In London, proposals aim to add more regulations and outlaw rate manipulation, taking rate-setting oversight from the British Bankers Association. In the United States, two Senate Republicans–Chuck Grassley and Mark Kirk–are criticizing Treasury Secretary Timothy Geithner for not doing enough to stop the rate-fixing crisis or warning the public. They also blame Geithner for the multi-billion dollar class-action lawsuits created by the scandal.
The Libor scandal is far reaching for both consumers and financial institutions. Consumers may have had their interest rates on mortgages, student loans and even credit cards affected by this controversy.
The name London Interbank Offered Rate (Libor) is geographically misleading. It is simply the interest rate that banks around the world charge to lend to each other. It is computed in London but used as a global benchmark for interest rates, and, according to some analysts, has affected more than $360 trillion in financial products.

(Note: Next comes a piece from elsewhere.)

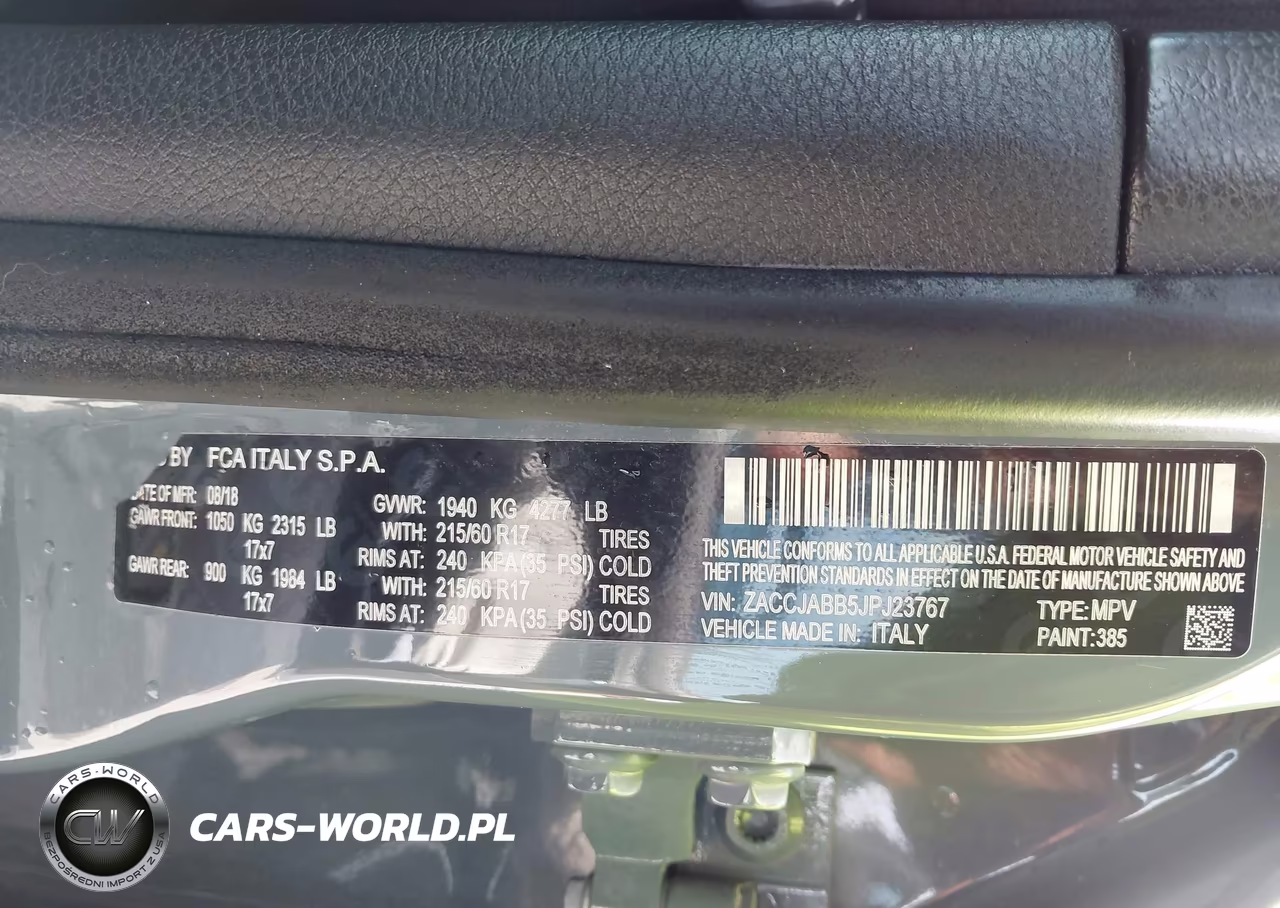 2018 Jeep Renegade Latitude Fwd VIN:ZACCJABB5JPJ23767 - 9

Libor is the interest rate that banks around the world charge to lend to each other, including three American institutions: Bank of America, Citigroup and JPMorgan Chase. A daily survey in London calculates Libor by averaging the rates these banks think they would have to pay to borrow from other banks. The banks, not the market or the government, set the rate. Some credit card, mortgage, student loan, auto loan, and business loan interest rates, as well as some financial products such as derivatives, are based on Libor.
A rigged Libor rate means that millions of people around the world might have unknowingly paid more or less interest than they should have.